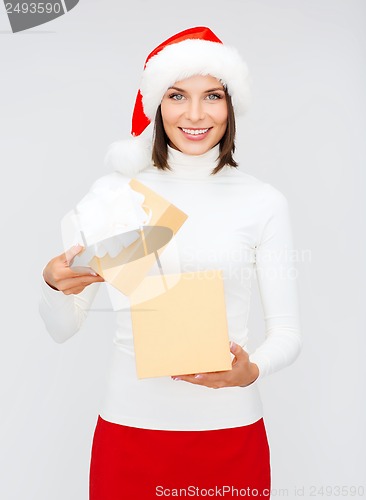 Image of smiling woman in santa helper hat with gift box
--*--
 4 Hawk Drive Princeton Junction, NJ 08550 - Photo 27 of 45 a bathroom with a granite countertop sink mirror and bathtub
--*--
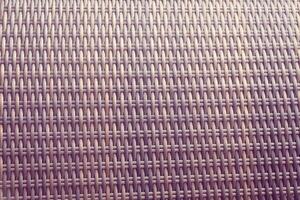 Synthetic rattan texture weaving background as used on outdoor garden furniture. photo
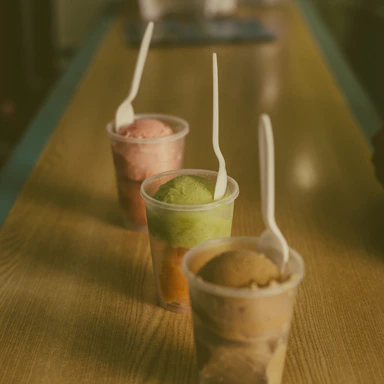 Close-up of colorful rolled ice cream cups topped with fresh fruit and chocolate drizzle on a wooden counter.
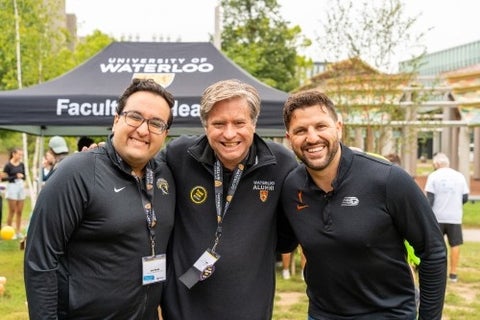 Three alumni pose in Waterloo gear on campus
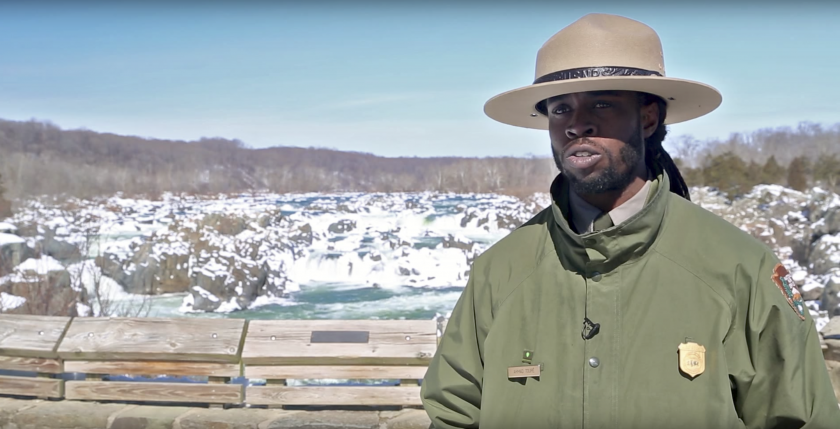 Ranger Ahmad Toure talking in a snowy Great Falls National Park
--*--
DESCRIPTION OF THE TASK: Copy exactly the lines of the listing above between the one holding "Three alumni pose in Waterloo gear on campus" and the one holding "Ranger Ahmad Toure", inclusive; omit all pictures.

ANSWER SECTION:
 Three alumni pose in Waterloo gear on campus
 Ranger Ahmad Toure talking in a snowy Great Falls National Park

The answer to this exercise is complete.